I. Ensure an Open and Responsive City Government
II. Build Strong Relationships Between the Educational System and the Community
III. Safeguard Quality of Life and Social Equity
IV. Address Affordable Housing Needs
V. Work to Ensure Health Care for All
VI. Create and Implement a Vision for a Sustainable, Healthy Community
VII. Preserve, Protect, and Improve the Environment
VIII. Improve Economic Opportunities for All City Residents
IX. Optimize Cooperation between Charlottesville, Albemarle County, and UVA


I. Ensure an Open and Responsive City Government

1. Increase the amount of interaction between City Council and the community during Council meetings, at work sessions, and at neighborhood gatherings.

  • Elect City Council members who will listen and respond to citizen concerns expressed at Council meetings.
  • Expect full public discussion among Council members before decisions are made.
  • City Council should go out periodically to neighborhoods to hold listening sessions.

2. Improve the flow of information among City Council, staff, and citizens so citizens have timely and complete information on projects and policies that affect them.

  • Improve methods of delivering information to the public and receiving input from the public.
  • Improve City web site to provide easy access to information about decision-making bodies.
  • Publish timely notices of all meetings (including City Council agendas) with topics defined fully and in layman's terms in the newspaper and on the City's web site.
  • Require the Mayor and City Manager to meet with the public and the press for questions and answers on a monthly basis.
  • Utilize Neighborhood Associations to gather and disseminate information, and provide input into decision-making process.

3. Provide for direct election of the Mayor.

4. Ensure early notification and consultation with communities affected by development projects or policy changes.
- Require city staff and developers to:
a. Refer any proposed project or policy issue to the affected neighborhoods at the earliest stages.
b. Hold public hearings in neighborhoods on the project or policy.
c. Incorporate neighborhood recommendations into the project or policy.

5. Strengthen Neighborhood Associations and encourage all neighborhoods to form an Association.

  • Provide more City assistance to neighborhood associations, including tenant groups in rental communities.

II. Build Strong Relationships Between the Educational System and the Community

1. Ensure school system accountability to the community.

  • Select School Board members who will listen and respond to citizen concerns expressed at School Board meetings.
  • Ensure that the City Council is actively engaged in dialogue with the School Board.

a. City Council should welcome public input on education issues.
b. The monthly meetings of the City Council with the School Board should be work sessions on substantive issues.
c. Appoint a City Council member to be an official liaison with the School Board.

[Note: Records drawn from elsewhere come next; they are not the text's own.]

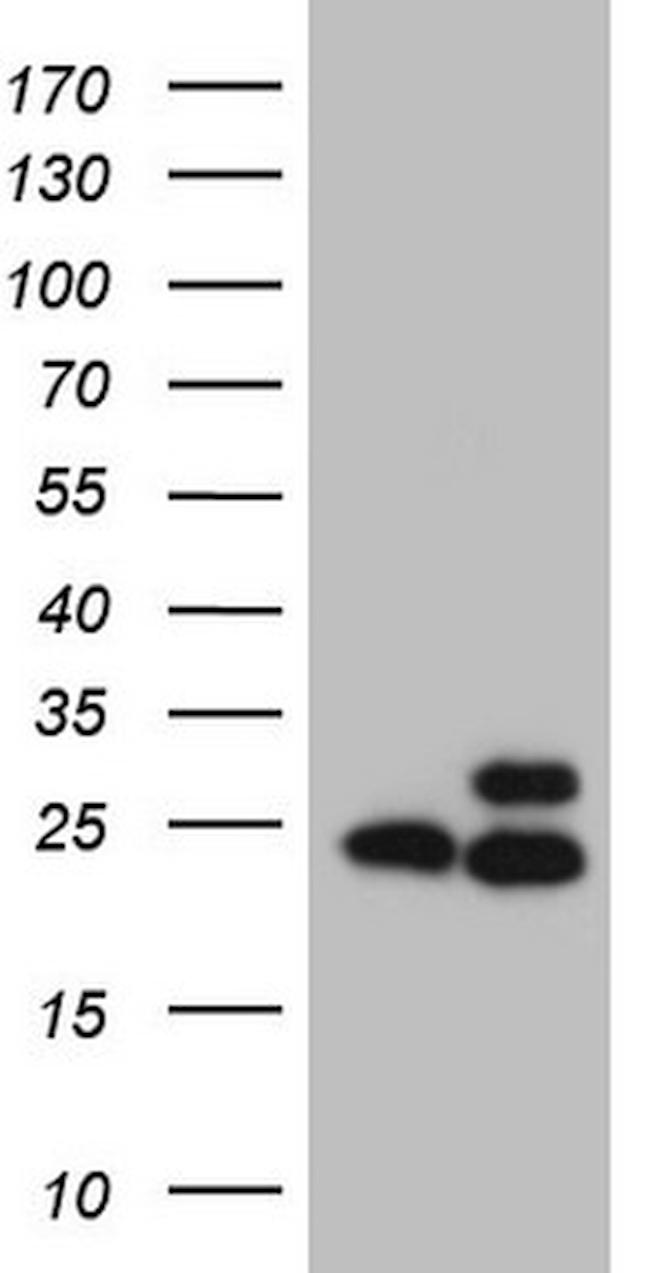 RPL10 Antibody in Western Blot (WB)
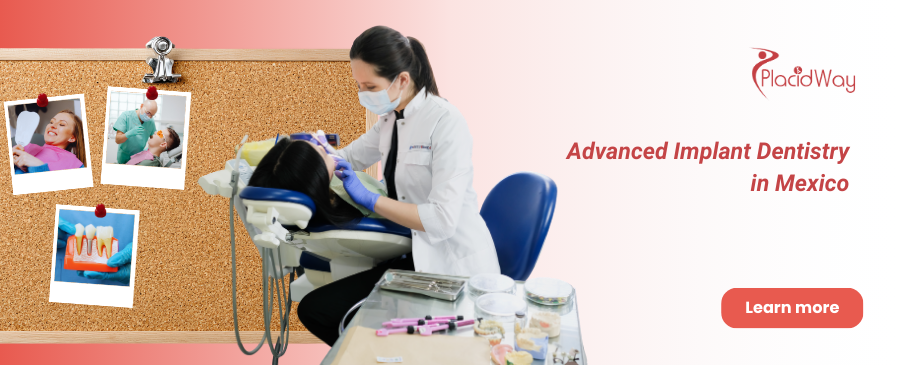 All on 6 Dental Implants in Cancun, Mexico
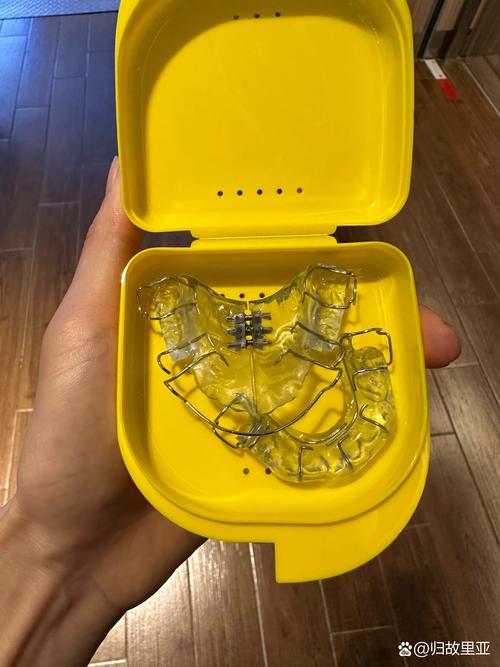 美国case正畸效果如何？值得国内参考借鉴吗？-图1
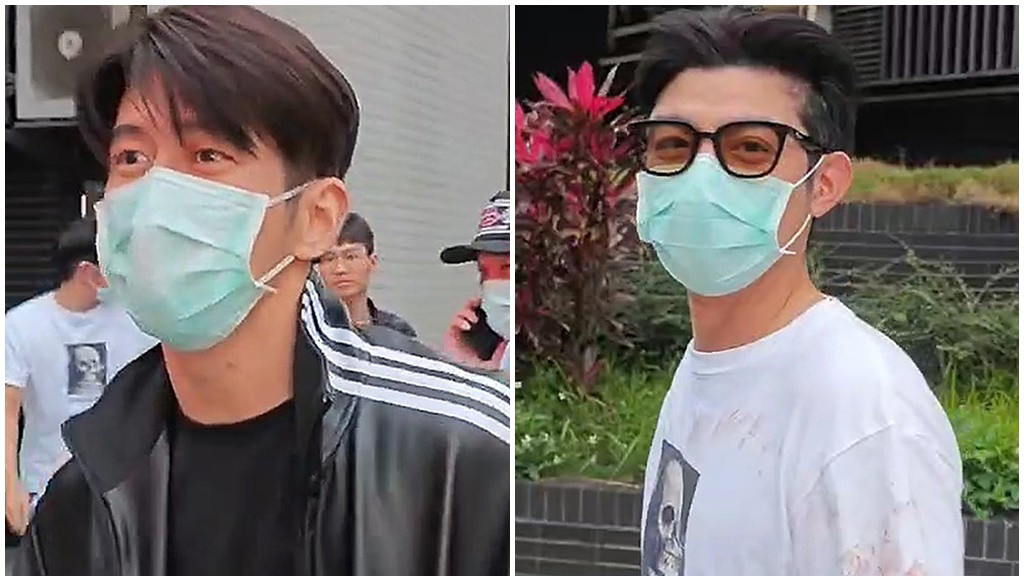 突发！贾静雯老公被带入警局，劝架被打左眼受伤充血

  • Continue to provide meaningful opportunities for the involvement of community members in the appointment of School Board members and Superintendents.
  • Promote the idea of School Board members being selected by school districts rather than by wards.

2. Eliminate barriers to equal education and opportunities for all children.

  • Review the process of "ability grouping."
  • Encourage and support students from all backgrounds to advance into higher-level academic programs.
  • Demand high academic performance of ALL children.
  • Make eliminating the racial gap in academic achievement a top community priority.
  • Value students in all educational pursuits whether technical, alternative, or college-prep programs.

3. Preserve the Jefferson School as an educational and community institution

4. Expand means for Parents and Teachers to be heard.

  • Require the School Board to provide time for dialogue (questions and answers) with the public monthly.
  • Establish an office of Ombudsman to address parent and/or teacher concerns.
  • The School Administration should encourage active participation of teachers in PTO's and actively encourage all schools to organize PTO's.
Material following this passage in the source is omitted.